Here are the records. Write out exactly the lines between the one holding "Rainbow 4 Me Insulated tumbler with a straw" and the one holding "Pet Strolle Pet", inclusive.

══ DATA SUPPLIED ══

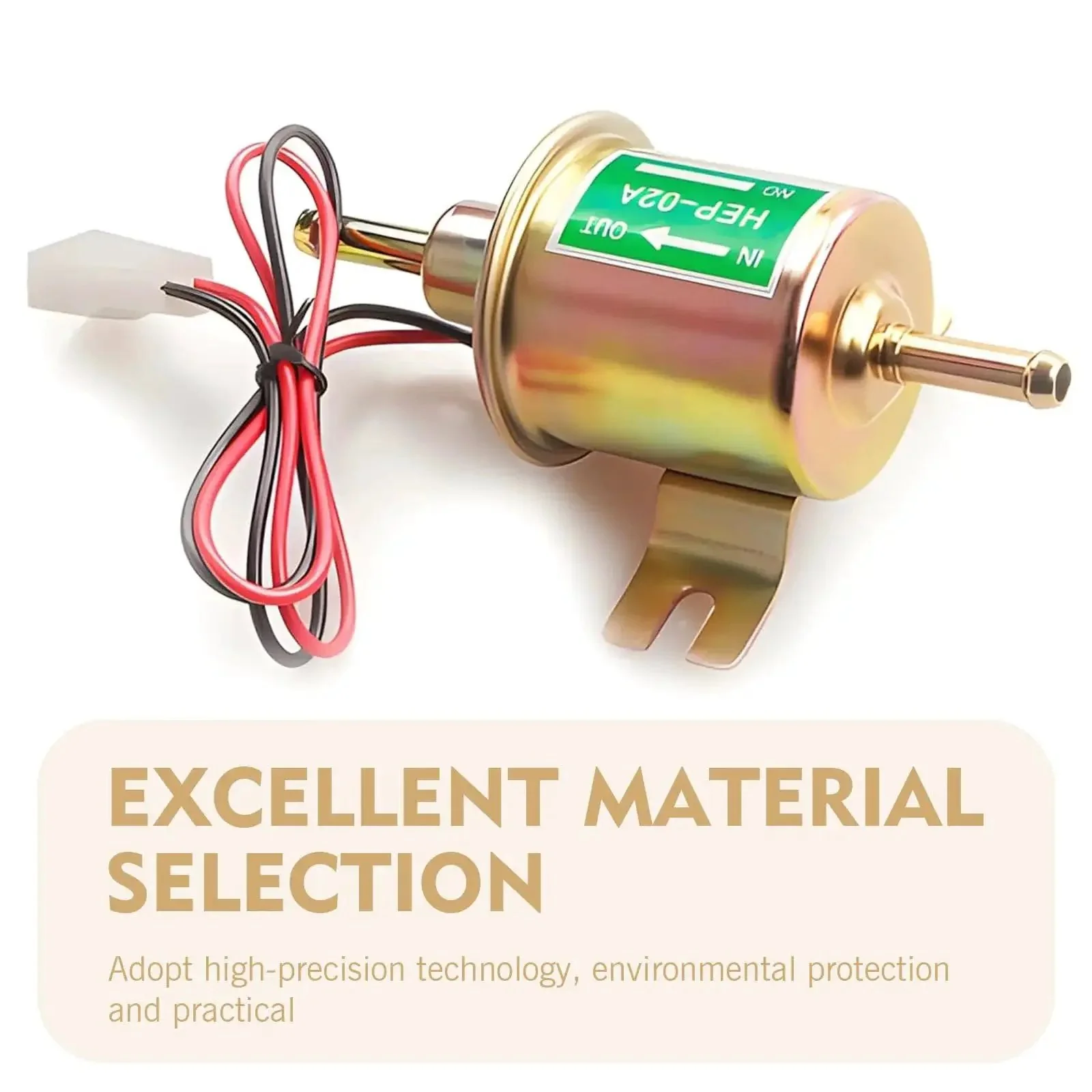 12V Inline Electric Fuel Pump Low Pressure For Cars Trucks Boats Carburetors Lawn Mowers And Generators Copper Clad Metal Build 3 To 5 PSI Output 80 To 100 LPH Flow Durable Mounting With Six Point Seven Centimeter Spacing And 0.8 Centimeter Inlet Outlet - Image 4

═══
══ DATA SUPPLIED ══

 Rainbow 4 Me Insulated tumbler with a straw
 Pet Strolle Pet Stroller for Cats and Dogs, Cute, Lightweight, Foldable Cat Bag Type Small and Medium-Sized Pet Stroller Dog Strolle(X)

═══
══ DATA SUPPLIED ══

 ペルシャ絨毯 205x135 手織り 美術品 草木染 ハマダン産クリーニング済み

═══

■ COMPLETED EXERCISE ■
 Rainbow 4 Me Insulated tumbler with a straw
 Pet Strolle Pet Stroller for Cats and Dogs, Cute, Lightweight, Foldable Cat Bag Type Small and Medium-Sized Pet Stroller Dog Strolle(X)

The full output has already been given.